An editorial system is more than a calendar. It's the operational backbone of your entire content production.
Components of an editorial system
Editorial calendar: Who publishes what, when, on which channel. Style guide: Tonality, visual language, do's and don'ts. Content database: All existing content, indexed and reusable. Quality checklists: SEO check, brand check, accessibility check before every publication.
Content governance: who decides what?
An editorial system needs a clear governance model that defines who makes which decisions. Without governance, you get either bottlenecks (everything must go through one person) or quality problems (everyone decides on their own). Our governance framework defines:
- Strategic level: Which topics, channels, and audiences are served? (Decision-maker: marketing leadership)
- Tactical level: How are topics prioritized and scheduled? (Decision-maker: content lead)
- Operational level: How is an individual piece of content created and approved? (Decision-maker: author + reviewer)
- Escalation: When and how are conflicts or blockers resolved?
Brand voice guidelines in depth
A style guide that only says "friendly and professional" is useless. Effective brand voice guidelines are so specific that two different writers hit the same tone:
- Brand personality: Three to five adjectives describing the brand – with explanation and counter-example
- Language rules: Formal or informal? Active or passive? Technical or everyday language?
- Word lists: Terms that should be used (and their alternatives that should be avoided)
- Sentence structure: Maximum sentence length, paragraph length, headline logic
- Channel variations: How does the voice change from LinkedIn to newsletter to website?
- Do's and don'ts with examples: Not abstract rules, but concrete before-and-after examples
Content taxonomy and tagging
Without taxonomy, a content database quickly becomes a data graveyard. We establish a tagging system that classifies content across multiple dimensions:
- Topic clusters: Overarching topic areas and sub-topics
- Content type: Blog, case study, whitepaper, social post, video, podcast
- Audience / persona: Who is the content primarily intended for?

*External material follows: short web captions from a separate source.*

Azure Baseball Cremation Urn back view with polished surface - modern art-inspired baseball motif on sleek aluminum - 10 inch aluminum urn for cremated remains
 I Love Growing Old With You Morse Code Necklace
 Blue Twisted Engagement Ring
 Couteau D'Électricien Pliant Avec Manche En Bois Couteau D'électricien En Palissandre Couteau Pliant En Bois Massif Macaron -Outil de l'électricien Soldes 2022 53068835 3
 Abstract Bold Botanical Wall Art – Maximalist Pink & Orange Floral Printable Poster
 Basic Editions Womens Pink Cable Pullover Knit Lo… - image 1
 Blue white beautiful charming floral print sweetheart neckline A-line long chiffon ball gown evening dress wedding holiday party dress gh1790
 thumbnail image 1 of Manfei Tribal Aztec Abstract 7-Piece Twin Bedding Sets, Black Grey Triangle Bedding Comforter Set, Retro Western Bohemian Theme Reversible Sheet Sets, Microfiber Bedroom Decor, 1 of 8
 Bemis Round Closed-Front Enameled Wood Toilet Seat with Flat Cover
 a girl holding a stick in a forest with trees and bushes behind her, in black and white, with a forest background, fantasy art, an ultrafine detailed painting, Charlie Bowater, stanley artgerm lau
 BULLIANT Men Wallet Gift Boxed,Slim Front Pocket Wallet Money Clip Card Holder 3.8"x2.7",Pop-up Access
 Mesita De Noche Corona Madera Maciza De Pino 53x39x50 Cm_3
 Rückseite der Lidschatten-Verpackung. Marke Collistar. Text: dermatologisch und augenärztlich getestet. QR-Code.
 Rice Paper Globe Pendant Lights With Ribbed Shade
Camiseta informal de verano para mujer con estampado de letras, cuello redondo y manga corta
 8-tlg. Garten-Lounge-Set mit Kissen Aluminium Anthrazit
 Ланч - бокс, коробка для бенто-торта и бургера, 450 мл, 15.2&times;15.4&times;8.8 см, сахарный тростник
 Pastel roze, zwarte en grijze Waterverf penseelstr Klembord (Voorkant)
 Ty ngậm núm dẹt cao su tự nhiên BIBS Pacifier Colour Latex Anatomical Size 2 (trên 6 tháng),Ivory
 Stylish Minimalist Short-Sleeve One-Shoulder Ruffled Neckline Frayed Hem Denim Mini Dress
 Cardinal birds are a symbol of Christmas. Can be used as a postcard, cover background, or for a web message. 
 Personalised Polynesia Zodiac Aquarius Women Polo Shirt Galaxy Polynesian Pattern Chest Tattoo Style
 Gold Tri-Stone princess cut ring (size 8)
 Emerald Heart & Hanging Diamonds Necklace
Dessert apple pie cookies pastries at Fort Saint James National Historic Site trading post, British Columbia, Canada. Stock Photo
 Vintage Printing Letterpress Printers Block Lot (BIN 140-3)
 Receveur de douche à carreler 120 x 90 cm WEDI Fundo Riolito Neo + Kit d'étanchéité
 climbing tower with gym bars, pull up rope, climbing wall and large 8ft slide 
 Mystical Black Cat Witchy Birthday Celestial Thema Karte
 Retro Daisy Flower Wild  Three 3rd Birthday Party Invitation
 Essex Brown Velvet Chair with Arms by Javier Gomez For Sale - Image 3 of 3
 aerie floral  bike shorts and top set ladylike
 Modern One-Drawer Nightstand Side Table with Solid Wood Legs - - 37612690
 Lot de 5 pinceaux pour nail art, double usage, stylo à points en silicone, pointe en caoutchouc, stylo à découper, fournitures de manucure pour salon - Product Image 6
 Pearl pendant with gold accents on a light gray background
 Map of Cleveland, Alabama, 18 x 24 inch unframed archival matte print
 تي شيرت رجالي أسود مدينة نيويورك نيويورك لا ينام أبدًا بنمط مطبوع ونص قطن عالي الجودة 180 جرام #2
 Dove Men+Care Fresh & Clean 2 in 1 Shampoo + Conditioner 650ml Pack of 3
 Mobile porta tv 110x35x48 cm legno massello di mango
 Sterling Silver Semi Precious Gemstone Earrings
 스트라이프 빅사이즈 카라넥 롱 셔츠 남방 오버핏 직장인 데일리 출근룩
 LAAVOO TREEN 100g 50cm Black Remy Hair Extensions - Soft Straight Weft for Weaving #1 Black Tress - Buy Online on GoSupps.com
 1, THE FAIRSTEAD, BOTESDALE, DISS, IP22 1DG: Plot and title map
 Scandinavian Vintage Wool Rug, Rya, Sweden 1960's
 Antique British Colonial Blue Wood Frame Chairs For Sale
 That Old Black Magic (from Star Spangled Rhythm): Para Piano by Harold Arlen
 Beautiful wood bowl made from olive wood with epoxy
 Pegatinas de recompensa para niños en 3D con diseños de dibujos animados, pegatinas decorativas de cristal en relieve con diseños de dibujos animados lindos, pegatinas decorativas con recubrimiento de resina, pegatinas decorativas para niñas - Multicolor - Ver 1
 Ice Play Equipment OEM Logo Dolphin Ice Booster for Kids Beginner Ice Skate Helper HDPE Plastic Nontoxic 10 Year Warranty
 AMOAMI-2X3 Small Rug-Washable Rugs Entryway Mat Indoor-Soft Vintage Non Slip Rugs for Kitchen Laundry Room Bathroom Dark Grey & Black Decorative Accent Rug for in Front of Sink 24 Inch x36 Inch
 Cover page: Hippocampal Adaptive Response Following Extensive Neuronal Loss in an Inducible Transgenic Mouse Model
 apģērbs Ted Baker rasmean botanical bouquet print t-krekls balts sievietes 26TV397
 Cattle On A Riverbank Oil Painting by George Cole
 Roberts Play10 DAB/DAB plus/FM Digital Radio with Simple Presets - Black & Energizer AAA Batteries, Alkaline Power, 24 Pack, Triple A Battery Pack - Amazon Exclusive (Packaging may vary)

- Funnel phase: Awareness, Consideration, Decision, Retention
- Channel: Where was/will the content be published?
- Status: Draft, in review, approved, published, archived
This taxonomy makes content discoverable, reusable, and analyzable.
Content lifecycle management
Content has a lifespan. We implement systematic lifecycle management with five phases:
1. Create: Briefing, production, review, approval
2. Publish: Channel-specific publishing with promotion plan
3. Update: Regular review for currency (e.g., quarterly for evergreen content)
4. Archive: Content that's no longer current is removed from active rotation but preserved as reference
5. Delete: Content that's outdated, legally problematic, or brand-inconsistent is removed in a controlled manner
For each content type, we define review cycles and responsibilities.
From solo player to team
Editorial systems make content production team-capable. New team members can start immediately because processes, standards, and templates exist. This reduces onboarding time and ensures quality.
Cross-functional editorial boards
For companies with multiple departments or brands, we recommend an editorial board – a regular meeting with representatives from marketing, product, sales, and potentially HR:
- Topic coordination: Who is planning which content? Where are synergies or conflicts?
- Resource planning: What capacities are available in the coming weeks?
- Performance review: Which content worked, which didn't?
- Strategic input: What company developments require content adjustments?
The board typically meets biweekly to monthly and ensures content production doesn't remain a marketing silo.
Compliance and approval matrix
Depending on the industry, different requirements apply to content approval. We create an approval matrix that differentiates by content type and risk level:
- Low risk (e.g., social media post without product claims): Approval by content lead
- Medium risk (e.g., blog article with technical claims): Approval by subject expert + content lead
- High risk (e.g., press release, legal statements, testimonials): Approval by legal + executive leadership
This matrix accelerates production because not every piece of content needs to go through the same elaborate approval process.
Integration with overall strategy
Every piece of content in the editorial system is linked to strategic goals, audiences, and funnel phases. This makes every publication a strategic decision, not a gap filler. The connection between the operational editorial system and the strategic framework ensures that content production always contributes to business objectives.